Huh? That's not a tank slapper..is it???

Nope, just a wee bit of fishtailing. Traction control actually would have reduced/prevented that.
 
hahaha i read it now. but it's just a research paper. thousands of research papers get pumped out of a university every semester. the author(s) alone referenced some anecdotal data.

i skimmed thru it and it never really addressed anything related to how tank slappers occur. and they used "simulator". is this simulator accurate?

look at this vid http://www.youtube.com/watch?v=GvHtChodNk0
at 0:11 tank slapper starts. if you look at the tach. rpm is close to redline, then is when the front wheel lifts up, then rider upshifts, you will see the tach dip a little. when rider shifts gear the bike touches down. but the front wheel was a little crooked. hence causing the tank slapper. it doesn't take a research paper to figure out that touching down a bike with front wheel crooked is bad news.

i get that there may be many other variants of a tank slapper. but this particular one is related to what OP experienced.

also read what the video poster wrote on this video page. luck did also play a big role.

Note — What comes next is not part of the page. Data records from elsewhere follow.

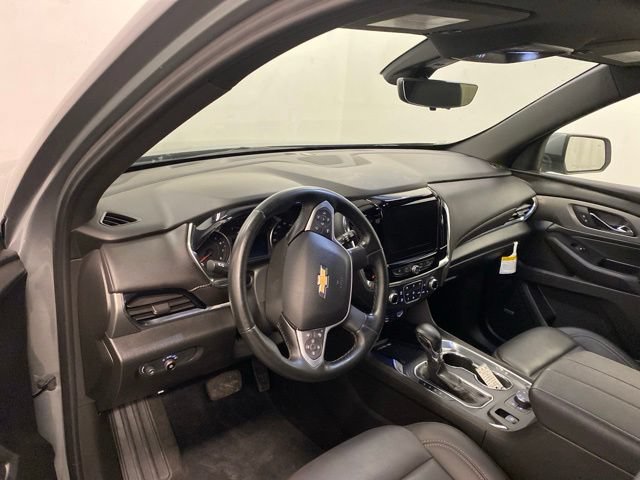 Used 2023 Chevrolet Traverse LT w/ LT Premium Package AWD/4WD image 7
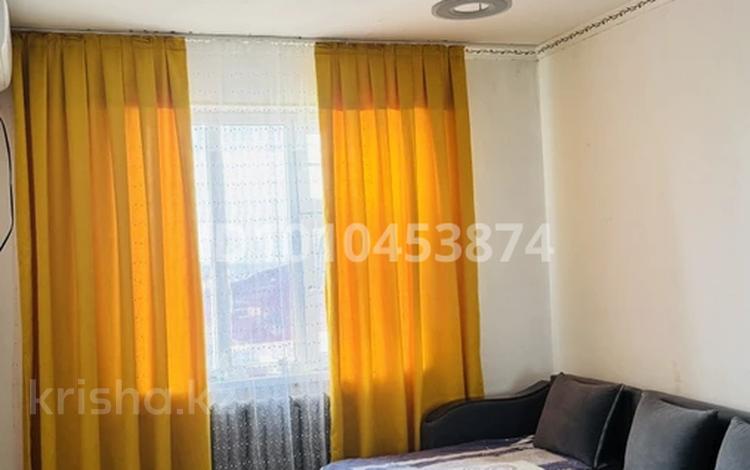 1-комнатная квартира · 33.5 м² · 5/5 этаж, Акиык 11 — Военный часть за 7 млн 〒 в Арыси — фото 2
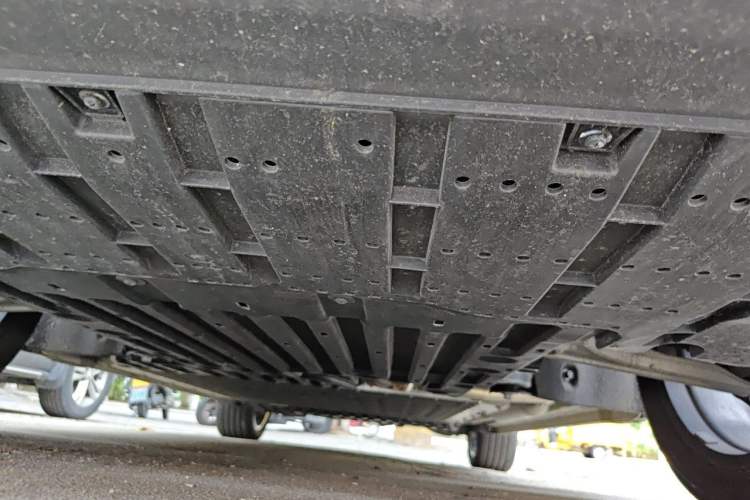 Used ARCFOX Alpha T5 2026 Model Range-Extended 1215 Yuanjing Smart Driving Version Chassis Front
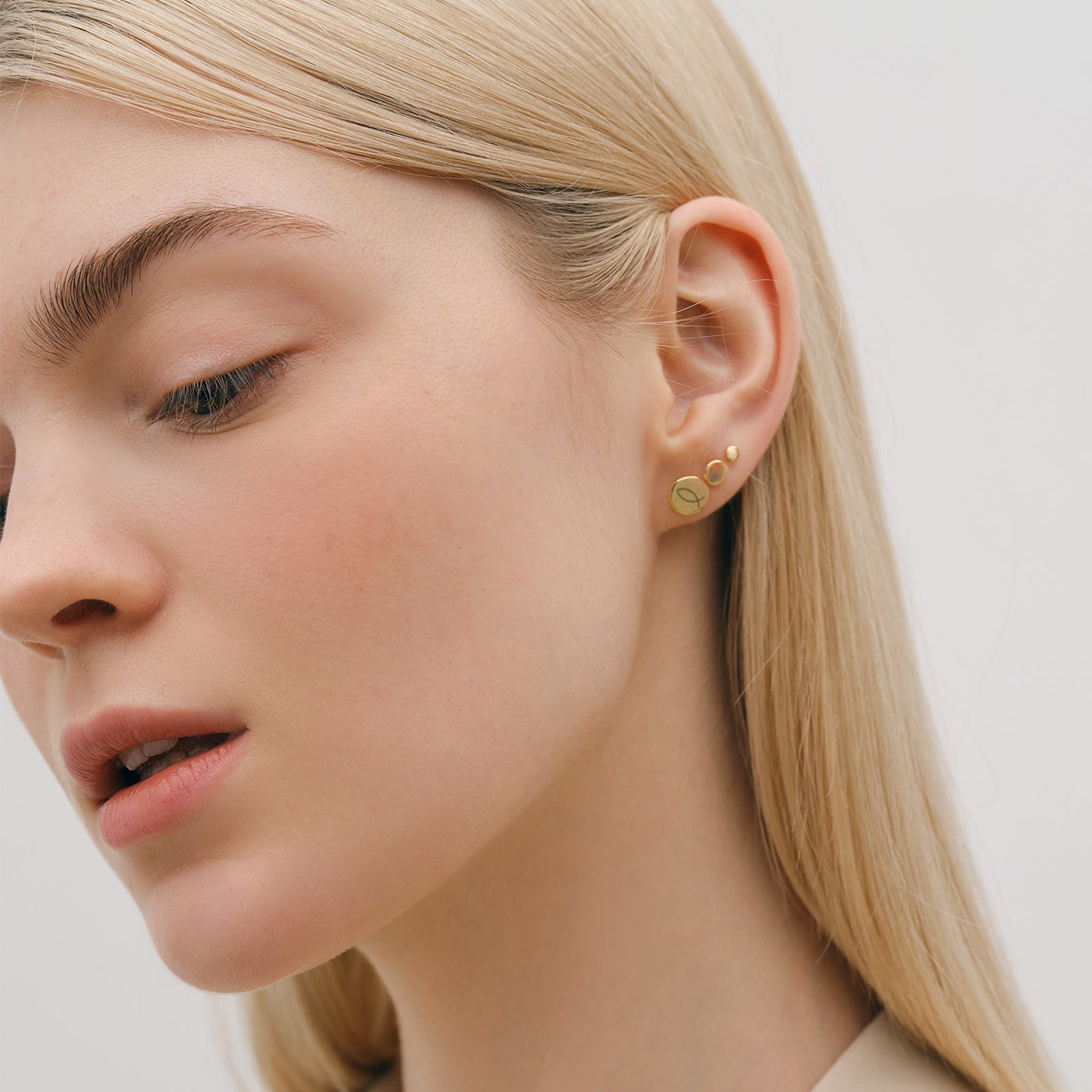 Runde personalisierte Ohrstecker - VIVIANNASCHMUCK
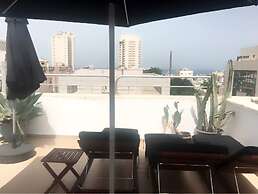 TLV Suites Triplex Penthouse With pool
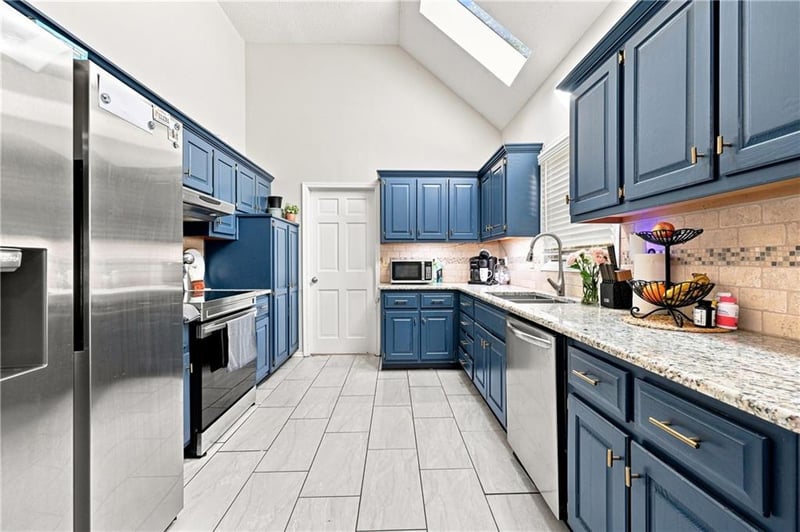 14508 W 69th Ter, Shawnee, KS 66216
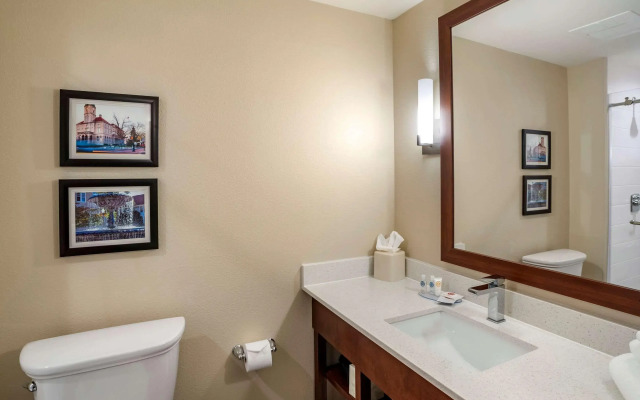 Comfort Inn & Suites Harrisonburg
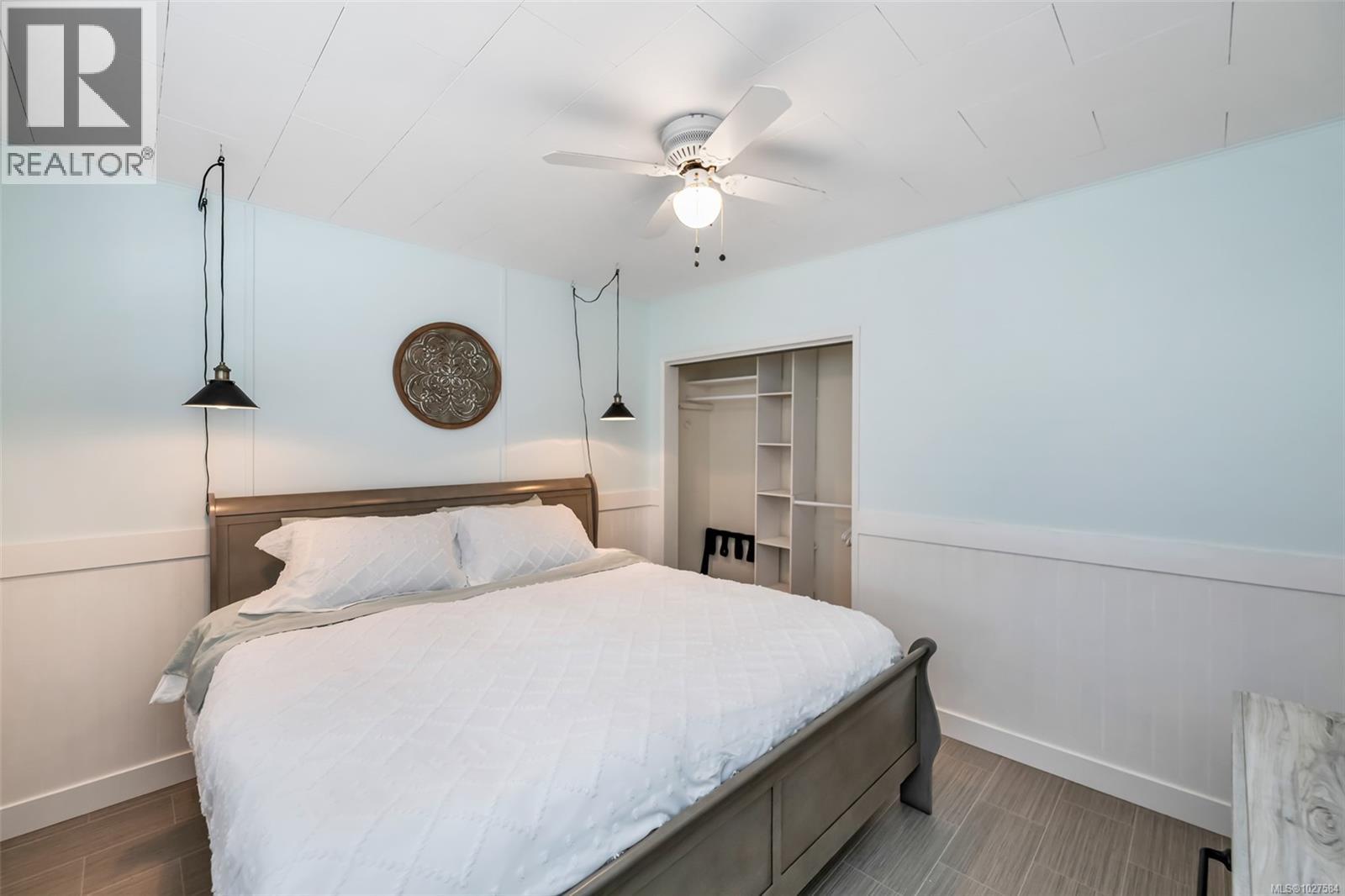 10684 ALDER CRES - 32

basically you did a quick google and take the first "research paper" you see as gospel. immediately reject all other possibilities. i recommend this link someone posted in off topic http://yourlogicalfallacyis.com/

here is another vid. you can clearly see the reason the tank slapper started was because he landed his wheelie with front wheel crooked

http://www.youtube.com/watch?v=HtjQ4SK4GXk

so to summarize, yeah the research paper you quoted had equations and lots of words. but a picture is worth a thousand words, a video is worth 30 thousand words (if the video is 30 fps).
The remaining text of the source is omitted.